Do we need to do any special configuration for deadline to use mongodb replica sets?
Also, the mongodb documentation mentions that replica sets can be used to increase read capacity:
“In some cases, you can use replication to increase read capacity. Clients have the ability to send read and write
operations to different servers.”
No, nothing special needs to be done to use replica sets.
You can’t however use them to increase read capacity. The big reason is that reads from the replica sets have eventual consistency, meaning they won’t always match the primary server. That’s where we would like to see sharding come into play (to spread the load). Unfortunately though, because Deadline uses some server-side java scripts, it can’t work with sharding yet. This is something we want to address in Deadline 7.
If replica sets cant be used to reduce load, and sharding does not work, we can’t really make deadline scale better without beefing up the primary machine, correct?
Sidenote: can replica sets be used to live migrate the database to another machine? Something like:
Set up a secondary machine
declare the 2 machines as a replica set
remove the original primary (essentially making the previous secondary now the primary box)
We made a small test setup for the replica sets, and did a simulated failure.

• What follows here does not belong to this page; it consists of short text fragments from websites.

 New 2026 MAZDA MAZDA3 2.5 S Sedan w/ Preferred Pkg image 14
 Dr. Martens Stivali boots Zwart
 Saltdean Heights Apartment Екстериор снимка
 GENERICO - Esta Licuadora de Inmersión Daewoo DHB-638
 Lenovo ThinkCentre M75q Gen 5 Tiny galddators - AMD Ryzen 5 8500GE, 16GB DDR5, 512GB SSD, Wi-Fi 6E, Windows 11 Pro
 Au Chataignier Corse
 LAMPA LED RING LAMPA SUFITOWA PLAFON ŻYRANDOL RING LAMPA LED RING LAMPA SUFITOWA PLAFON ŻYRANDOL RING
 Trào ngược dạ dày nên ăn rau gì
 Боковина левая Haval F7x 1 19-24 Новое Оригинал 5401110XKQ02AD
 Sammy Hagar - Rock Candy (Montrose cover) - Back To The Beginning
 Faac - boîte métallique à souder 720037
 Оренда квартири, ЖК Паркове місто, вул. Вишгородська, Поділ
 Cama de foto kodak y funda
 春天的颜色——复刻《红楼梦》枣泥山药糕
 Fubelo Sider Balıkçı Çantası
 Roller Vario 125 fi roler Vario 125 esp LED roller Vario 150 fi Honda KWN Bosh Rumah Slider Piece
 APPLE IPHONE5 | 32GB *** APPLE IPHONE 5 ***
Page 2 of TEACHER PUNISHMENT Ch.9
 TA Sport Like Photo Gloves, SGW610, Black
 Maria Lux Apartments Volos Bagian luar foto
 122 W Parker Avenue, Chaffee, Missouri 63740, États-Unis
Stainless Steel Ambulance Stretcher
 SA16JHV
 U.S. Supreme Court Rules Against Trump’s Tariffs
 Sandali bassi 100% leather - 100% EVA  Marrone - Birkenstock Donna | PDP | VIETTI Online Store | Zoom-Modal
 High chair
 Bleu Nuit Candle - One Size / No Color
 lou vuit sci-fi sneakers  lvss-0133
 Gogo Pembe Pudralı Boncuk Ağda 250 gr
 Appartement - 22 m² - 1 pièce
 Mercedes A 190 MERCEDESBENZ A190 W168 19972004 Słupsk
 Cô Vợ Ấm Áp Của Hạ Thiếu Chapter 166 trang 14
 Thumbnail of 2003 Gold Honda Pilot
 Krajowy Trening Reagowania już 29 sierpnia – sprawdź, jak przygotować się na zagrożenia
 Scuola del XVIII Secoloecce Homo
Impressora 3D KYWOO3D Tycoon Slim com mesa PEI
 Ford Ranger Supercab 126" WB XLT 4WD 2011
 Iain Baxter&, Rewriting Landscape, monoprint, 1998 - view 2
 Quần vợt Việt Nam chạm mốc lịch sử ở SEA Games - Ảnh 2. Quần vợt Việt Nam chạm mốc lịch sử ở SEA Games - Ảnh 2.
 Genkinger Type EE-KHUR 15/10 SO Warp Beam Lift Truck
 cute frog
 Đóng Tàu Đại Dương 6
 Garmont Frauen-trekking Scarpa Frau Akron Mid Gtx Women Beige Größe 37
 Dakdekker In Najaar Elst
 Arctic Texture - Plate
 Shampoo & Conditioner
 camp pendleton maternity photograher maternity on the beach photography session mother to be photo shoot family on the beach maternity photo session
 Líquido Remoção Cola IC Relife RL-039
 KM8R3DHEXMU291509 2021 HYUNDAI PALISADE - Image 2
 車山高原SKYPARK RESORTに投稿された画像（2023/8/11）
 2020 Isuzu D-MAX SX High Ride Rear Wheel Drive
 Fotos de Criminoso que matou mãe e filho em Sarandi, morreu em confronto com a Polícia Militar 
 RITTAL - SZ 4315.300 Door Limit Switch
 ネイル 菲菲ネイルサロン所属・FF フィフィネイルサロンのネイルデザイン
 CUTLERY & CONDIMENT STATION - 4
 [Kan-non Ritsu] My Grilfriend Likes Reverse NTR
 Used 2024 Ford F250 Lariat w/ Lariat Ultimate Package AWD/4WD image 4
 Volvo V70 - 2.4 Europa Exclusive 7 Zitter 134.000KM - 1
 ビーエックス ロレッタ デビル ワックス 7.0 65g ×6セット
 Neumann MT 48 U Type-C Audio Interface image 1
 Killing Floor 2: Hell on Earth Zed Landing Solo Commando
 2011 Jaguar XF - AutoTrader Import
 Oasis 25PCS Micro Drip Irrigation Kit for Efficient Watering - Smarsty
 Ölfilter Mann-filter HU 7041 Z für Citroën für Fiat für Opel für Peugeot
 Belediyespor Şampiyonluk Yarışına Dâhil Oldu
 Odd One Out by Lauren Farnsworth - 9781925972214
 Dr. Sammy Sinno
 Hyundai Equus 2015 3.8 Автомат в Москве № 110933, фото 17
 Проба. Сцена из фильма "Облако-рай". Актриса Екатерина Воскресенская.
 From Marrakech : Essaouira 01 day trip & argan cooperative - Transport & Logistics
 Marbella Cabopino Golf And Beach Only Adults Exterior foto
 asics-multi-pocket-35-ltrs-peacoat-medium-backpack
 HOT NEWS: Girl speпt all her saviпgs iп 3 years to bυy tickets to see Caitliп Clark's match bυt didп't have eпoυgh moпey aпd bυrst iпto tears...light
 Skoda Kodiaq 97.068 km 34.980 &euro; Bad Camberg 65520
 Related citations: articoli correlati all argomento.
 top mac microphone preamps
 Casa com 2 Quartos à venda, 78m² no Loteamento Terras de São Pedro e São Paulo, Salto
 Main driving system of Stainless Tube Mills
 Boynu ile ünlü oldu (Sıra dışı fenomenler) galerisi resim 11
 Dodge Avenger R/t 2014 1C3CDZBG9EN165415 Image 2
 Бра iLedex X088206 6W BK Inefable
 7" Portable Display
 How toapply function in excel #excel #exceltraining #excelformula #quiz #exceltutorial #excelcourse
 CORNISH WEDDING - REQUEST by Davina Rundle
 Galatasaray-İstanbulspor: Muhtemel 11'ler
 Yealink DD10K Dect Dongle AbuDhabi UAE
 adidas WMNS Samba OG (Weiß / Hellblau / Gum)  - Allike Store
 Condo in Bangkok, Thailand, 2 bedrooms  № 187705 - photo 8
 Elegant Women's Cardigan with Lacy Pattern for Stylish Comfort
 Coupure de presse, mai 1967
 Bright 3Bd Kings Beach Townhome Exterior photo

The secondary mongo box successfully got elected to be primary within seconds, however deadline never picked up on that. Its been timing out since we took down the original primary basically.
Does deadline need to be configured special to make this work?
When doing the simulated failure, the monitor would throw these errors:
2013-12-10 15:38:43: Error occurred while updating job cache: Unable to read data from the transport connection: An existing connection was forcibly closed by the remote host. (System.IO.IOException)
2013-12-10 15:38:44: Error occurred while updating slave cache: Unable to connect to server deadline03.scanlinevfxla.com:27017: Unable to read data from the transport connection: An existing connection was forcibly closed by the remote host.. (MongoDB.Driver.MongoConnectionException)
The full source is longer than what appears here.